=== EXERCISE AIM ===
Beginning with the line that contains "China Garment Shops" and ending with the last line of the records, write out each line exactly and omit the pictures.
:: SOURCE RECORDS
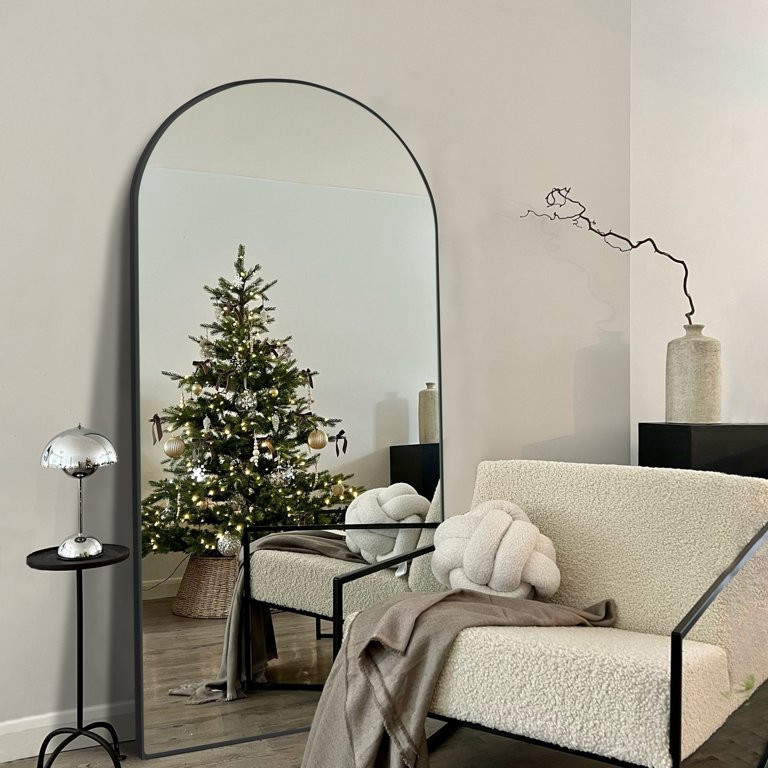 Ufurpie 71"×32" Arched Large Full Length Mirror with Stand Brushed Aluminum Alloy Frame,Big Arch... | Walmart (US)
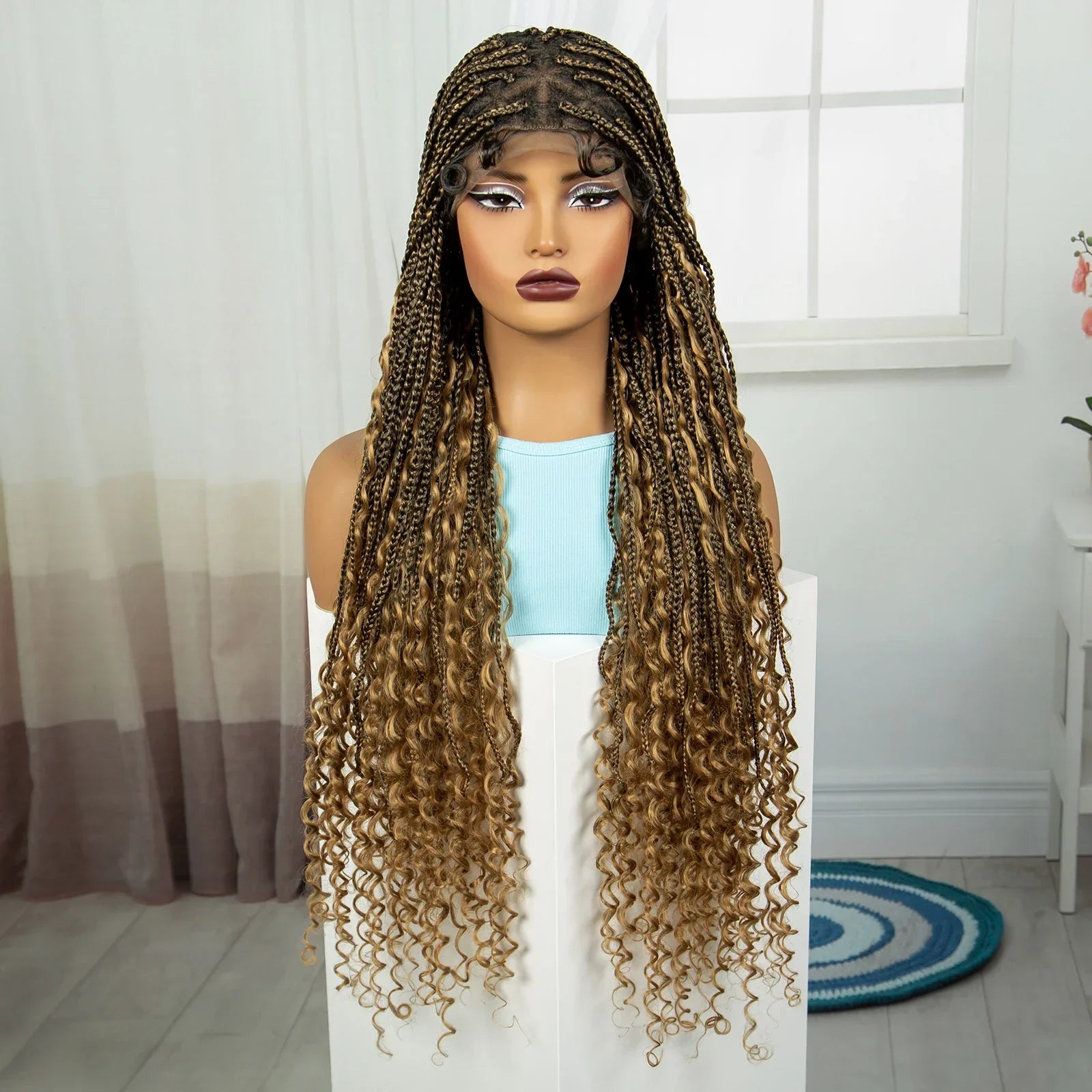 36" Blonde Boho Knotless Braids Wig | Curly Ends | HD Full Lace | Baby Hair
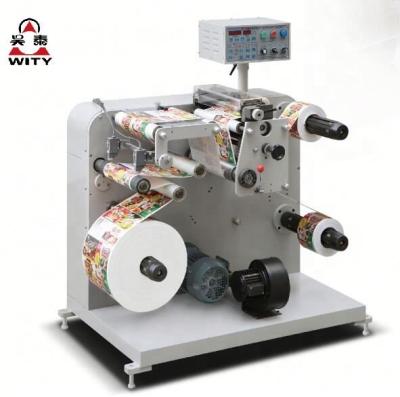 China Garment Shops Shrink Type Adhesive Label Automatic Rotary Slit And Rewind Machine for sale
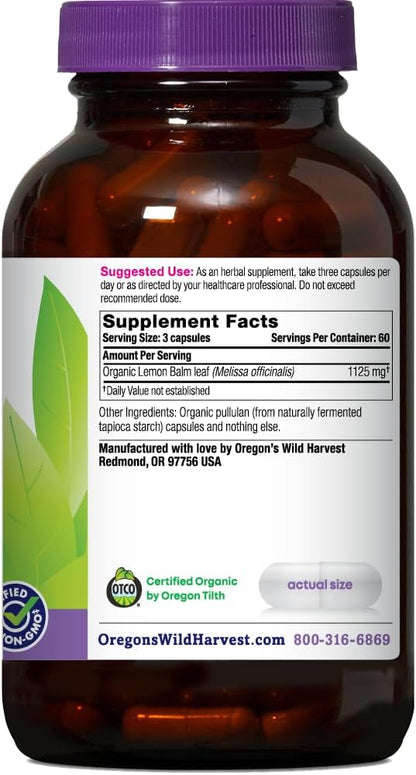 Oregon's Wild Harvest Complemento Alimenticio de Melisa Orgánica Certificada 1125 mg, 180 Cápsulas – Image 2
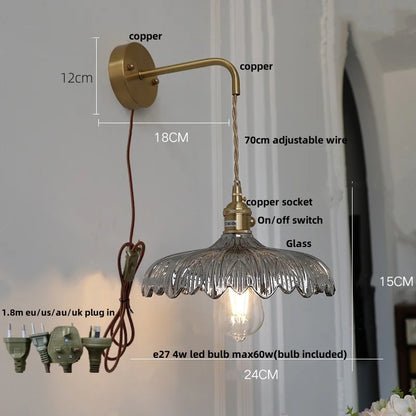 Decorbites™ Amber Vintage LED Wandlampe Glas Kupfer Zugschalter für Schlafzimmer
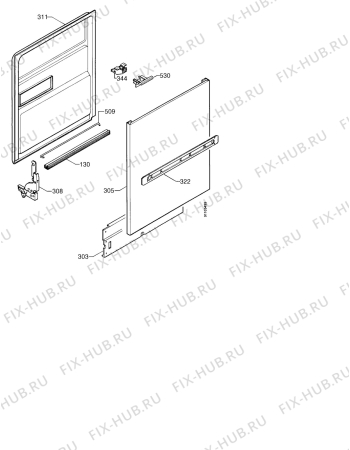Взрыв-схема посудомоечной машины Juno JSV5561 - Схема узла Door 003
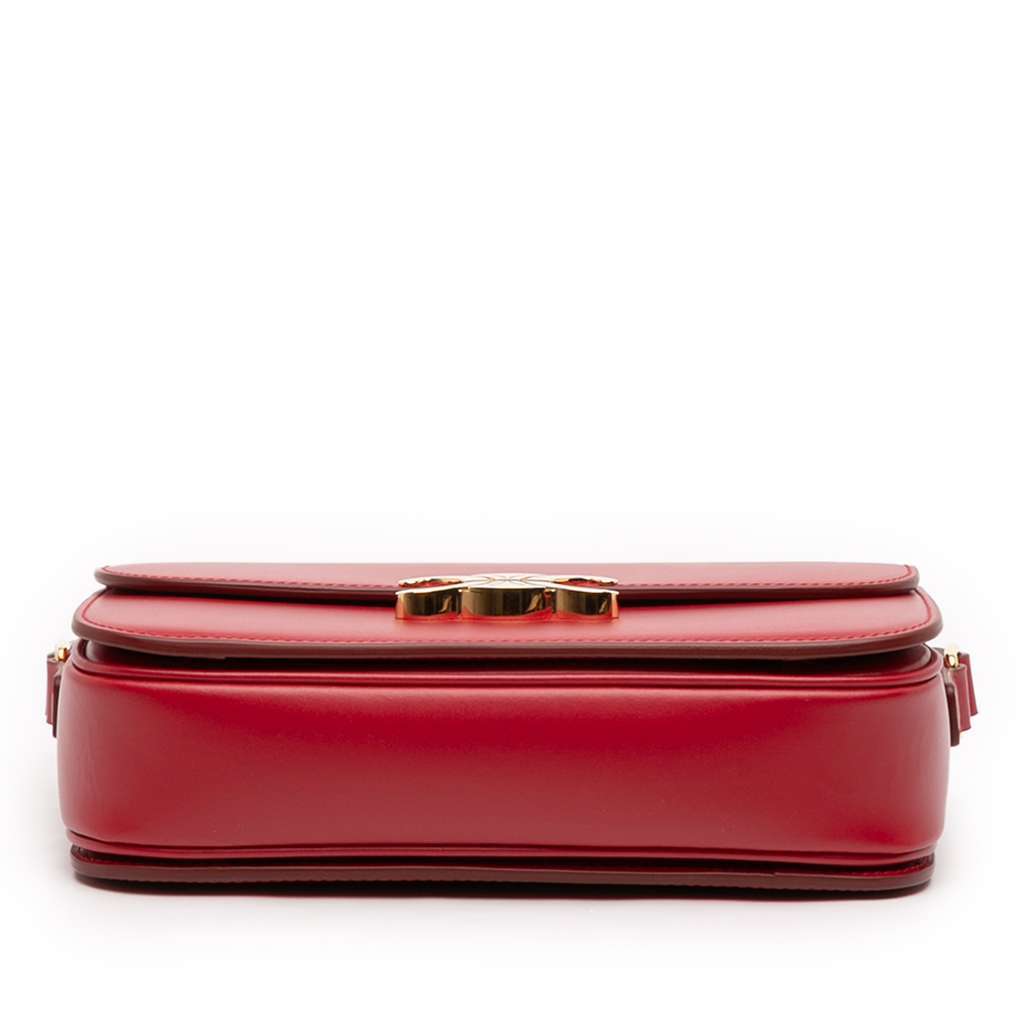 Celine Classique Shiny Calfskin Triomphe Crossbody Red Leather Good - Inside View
::::
=== SOLUTION ===
 China Garment Shops Shrink Type Adhesive Label Automatic Rotary Slit And Rewind Machine for sale
 Oregon's Wild Harvest Complemento Alimenticio de Melisa Orgánica Certificada 1125 mg, 180 Cápsulas – Image 2
 Decorbites™ Amber Vintage LED Wandlampe Glas Kupfer Zugschalter für Schlafzimmer
Взрыв-схема посудомоечной машины Juno JSV5561 - Схема узла Door 003
 Celine Classique Shiny Calfskin Triomphe Crossbody Red Leather Good - Inside View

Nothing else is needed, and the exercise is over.